* [PROVIDED DATA]
┏━━

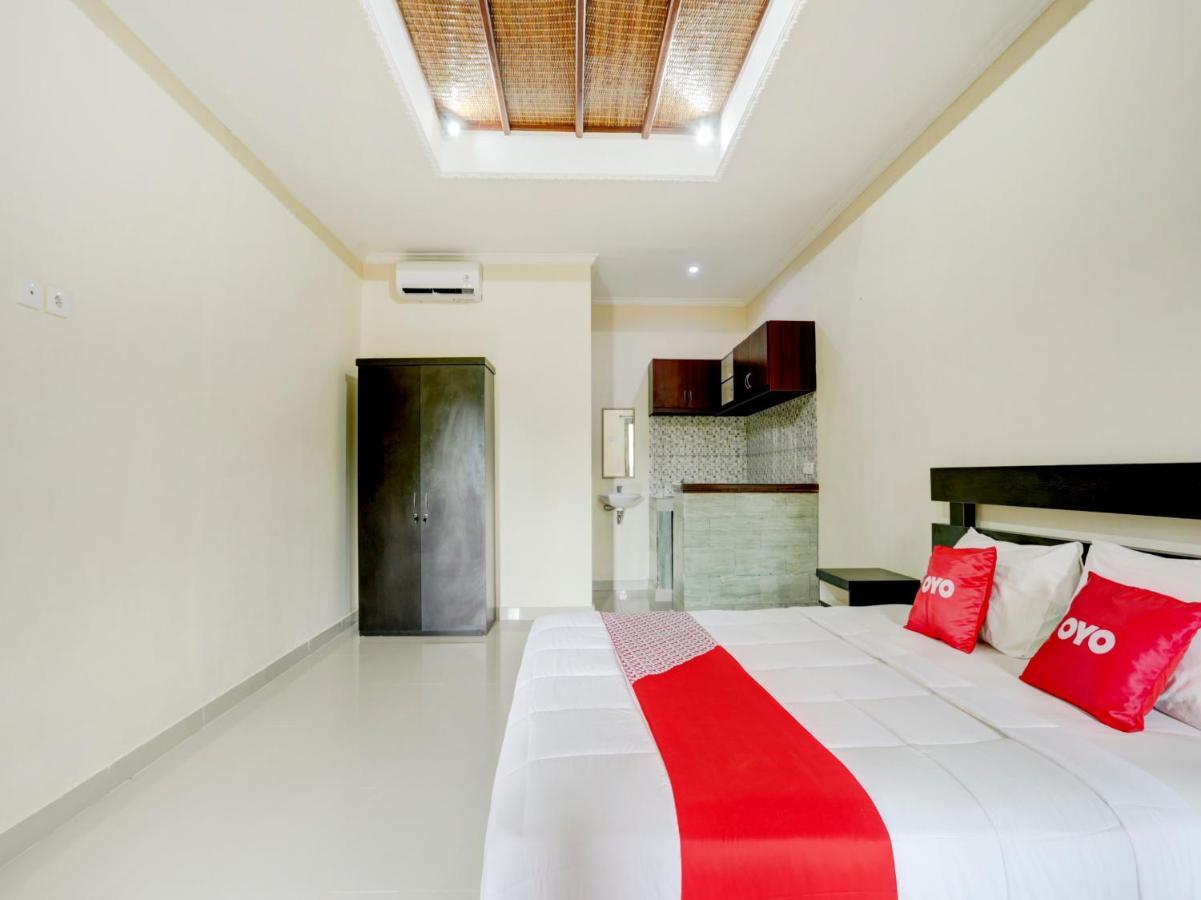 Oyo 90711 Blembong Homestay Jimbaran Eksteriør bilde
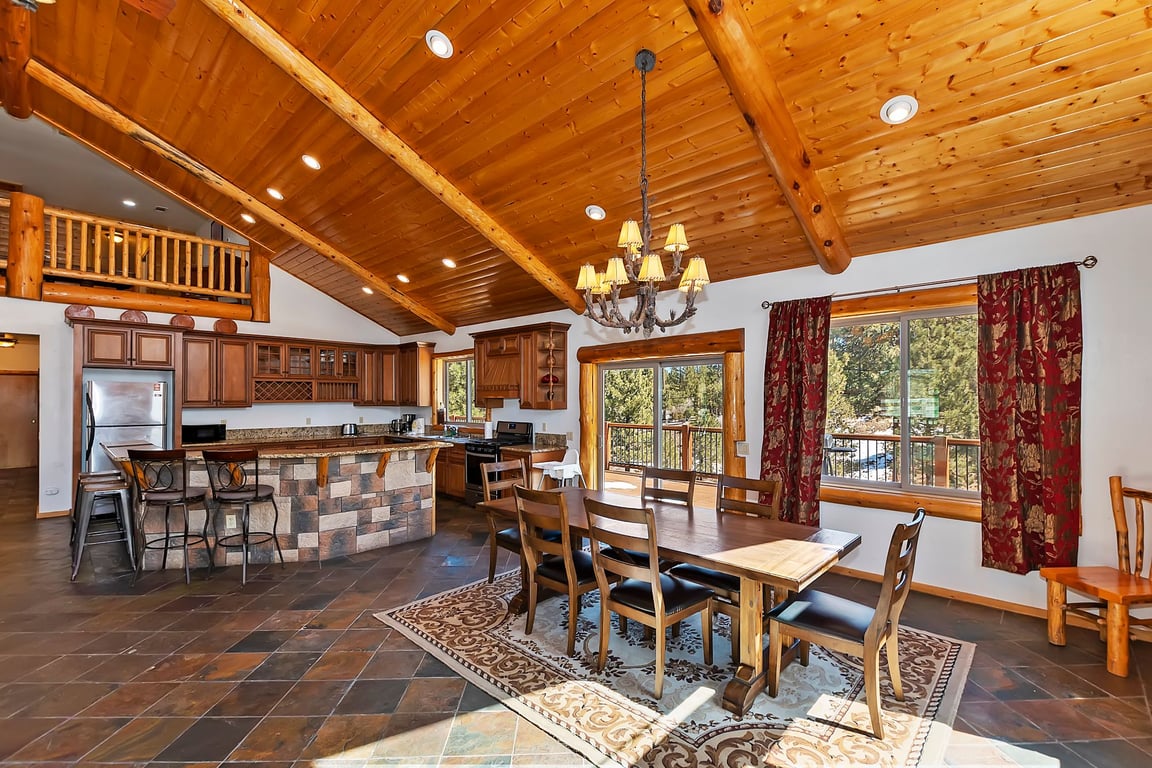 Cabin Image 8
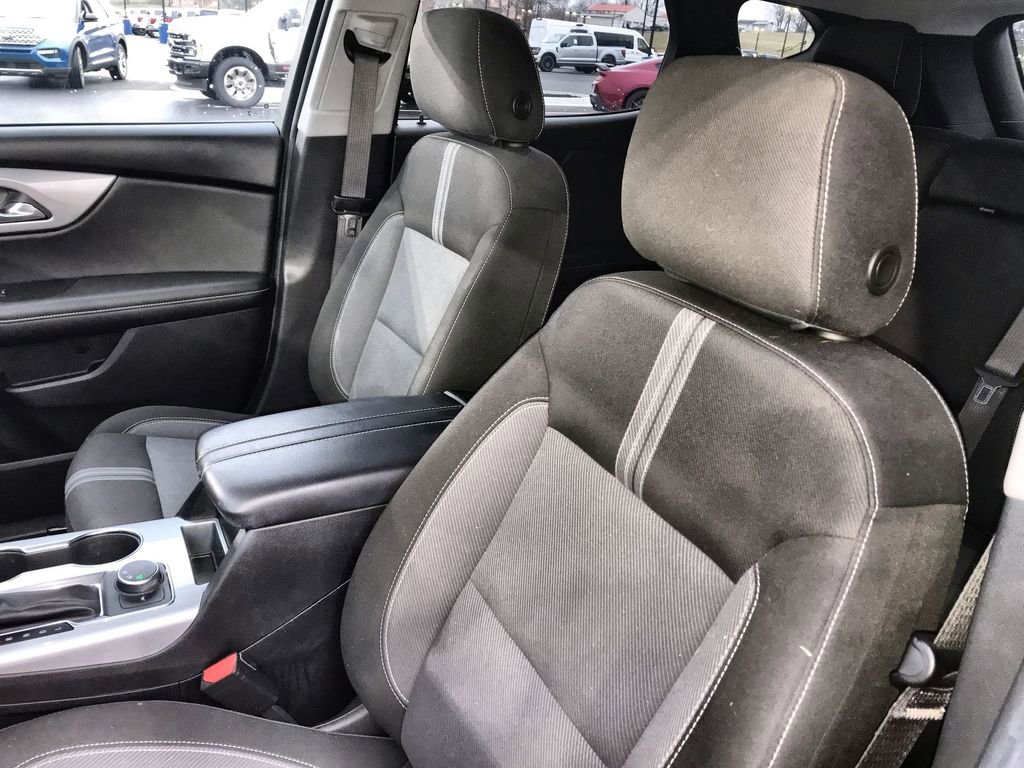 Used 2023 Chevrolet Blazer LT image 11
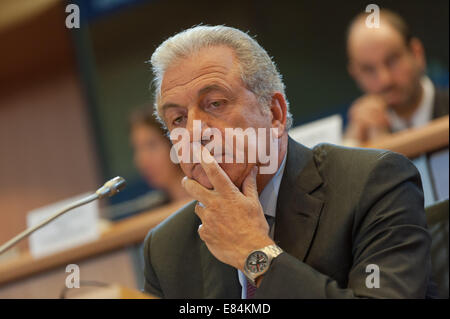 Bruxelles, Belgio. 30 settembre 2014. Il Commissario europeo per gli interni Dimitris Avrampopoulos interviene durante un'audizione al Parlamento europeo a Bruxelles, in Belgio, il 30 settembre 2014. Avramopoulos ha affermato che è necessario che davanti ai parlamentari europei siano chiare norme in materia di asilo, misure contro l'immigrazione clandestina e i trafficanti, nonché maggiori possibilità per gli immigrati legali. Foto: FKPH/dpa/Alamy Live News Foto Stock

┗━━

Where pictures occur in the material above, omit them and return everything else exactly.

 Oyo 90711 Blembong Homestay Jimbaran Eksteriør bilde
 Cabin Image 8
 Used 2023 Chevrolet Blazer LT image 11
 Bruxelles, Belgio. 30 settembre 2014. Il Commissario europeo per gli interni Dimitris Avrampopoulos interviene durante un'audizione al Parlamento europeo a Bruxelles, in Belgio, il 30 settembre 2014. Avramopoulos ha affermato che è necessario che davanti ai parlamentari europei siano chiare norme in materia di asilo, misure contro l'immigrazione clandestina e i trafficanti, nonché maggiori possibilità per gli immigrati legali. Foto: FKPH/dpa/Alamy Live News Foto Stock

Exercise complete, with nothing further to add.